If I stopped my analysis at this level, it makes perfect sense to try and make it a fair fight by getting the U.S. war machine involved. However, we must go deeper. The biggest supplier of natural gas to Europe is Russia’s Gazprom, which accounts for over one-third of all Russian revenues — one heck of a market.
Perhaps as large a reserve of natural gas which lies in Russia, also lies in Qatar. A normal route for a gas pipeline to Europe from Qatar would travel through Syria and Turkey. Of course, since the Syrian ally is Russia, the probability of Europe having a choice, or should we say a new competitor, seems highly unlikely as long as the current Syrian regime remains in power. This one is elementary, my dear Watson. If Assad is removed, the pipeline would be built, and perhaps the costs by the consumers are reduced as certain politicians would watch their bank accounts grow. France is a large purchaser of natural gas, which could account for John Kerry’s comment that France has been our most significant ally over the years (hmmm, think Vichy), and accounts for the reason that French President François Hollande jumped aboard the “strike now” train.
Putin was not about to allow any of this to happen, thus he utilized the 30-minute unofficial meeting to take away all the momentum before WWIII had the chance to occur.
A potential U.S. attack on Syria is a thing of the past, yet the bloody Syrian civil war continues. Is it about freedom, law, or even common decency? Of course not, it’s all about money.
Real Estate — Trick or Treat?
Real estate continues to be in full recovery mode, or so they say. The headlines would have you believe that money continues to flow into the housing sector, interrupted only by an occasional hiccup in mortgage rates (a myth dispelled in a prior MacroProfit issue.) The mainstream media would also have us believe that the foreclosure process is being worked through in an expeditious manner. In other words, as far as all the boys and girls in real estate are concerned, God’s in His heaven and all’s right with the world. Au contraire, Opie.
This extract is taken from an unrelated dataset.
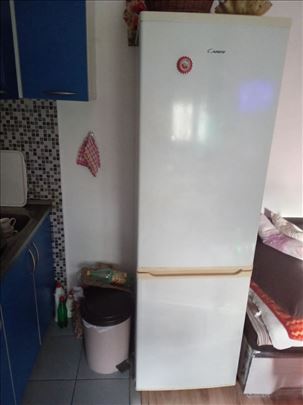 Prodajem polovni Candy kombinovani frižider 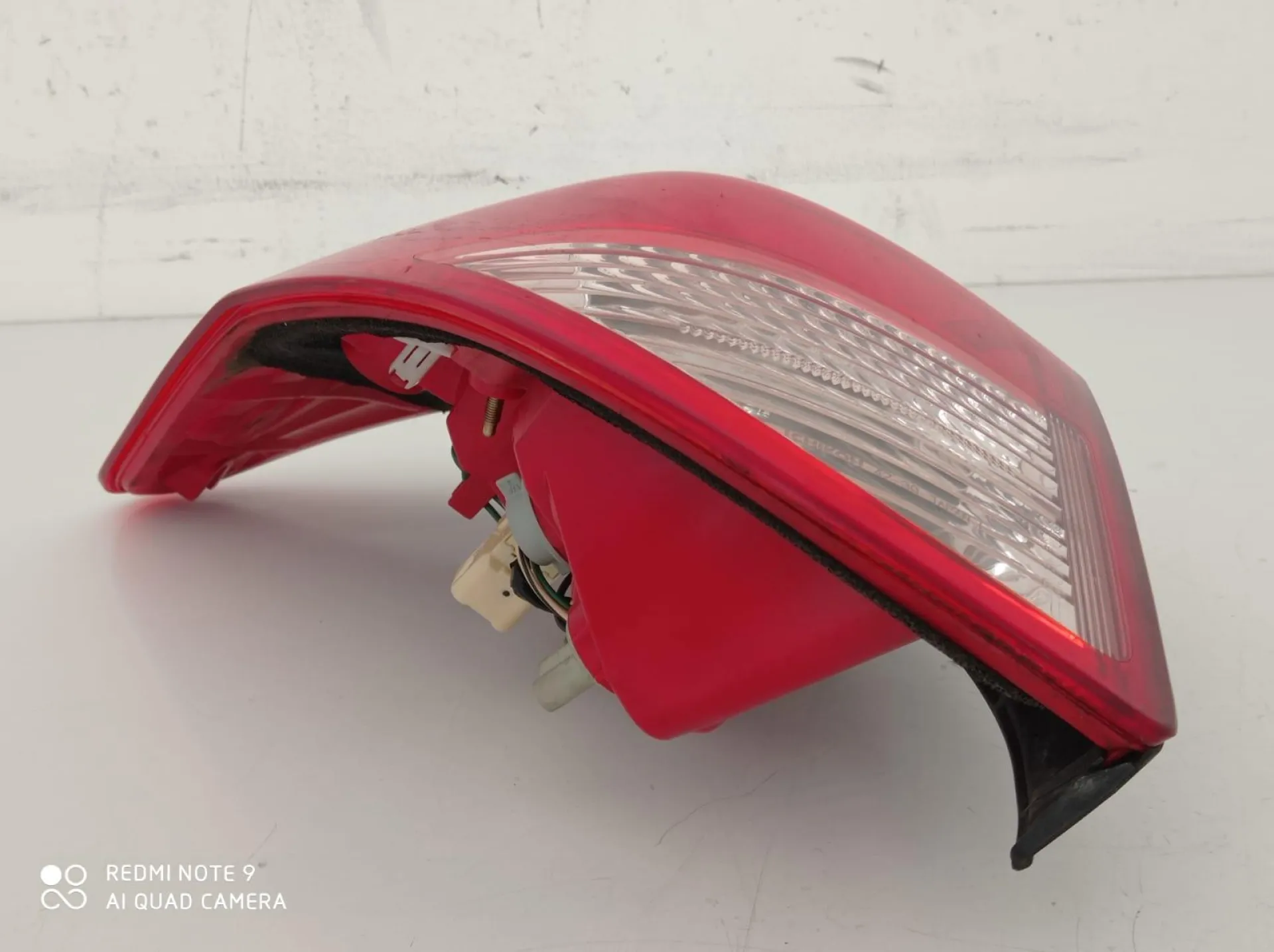 STOP FANALE POSTERIORE SINISTRO TOYOTA Rav4 4° Serie (05>09)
For the past several years, there has been a great influx of large corporations dedicated to the proposition of buying-to-rent. Cheap prices and reasonable rents made for returns exceeding double-digits. It was a cash game, and the mainstream public was excluded, with mortgage applications falling to dramatic lows. As prices rose, Wall Street was in, and the public was definitely out. Following the trail of the money leads us to the current exit of Wall Street by either out-and-out sales or rollups into REIT IPOs. Why? Because as prices were appreciating, rents started to depreciate, and a once wonderful double-digit return turned into a low-digit sucker’s game. It was time to exit, and exit they certainly did (and are still doing.)
Thus, as the buyers start to dwindle, another problem arises. Namely, it’s the advent of the “vampire” foreclosure — not to be confused with the “zombie” foreclosure, where homes with no occupants are owned by the bank. The “vampire” version foreclosure is still owner-occupied, with 47% of all U.S. bank-owned properties currently in this category. Millions of homes are sitting in the pipeline, ready to be dumped on the market. A decline of real buyers and an increasing supply of real homes with “vampires” and “zombies” definitely makes for a Halloween nightmare, as the money trail leads away from the ghoulish sector known as real estate.
Door #1 (Precious Metals) – Door #2 (U.S. Dollar) – Door #3 (Barter)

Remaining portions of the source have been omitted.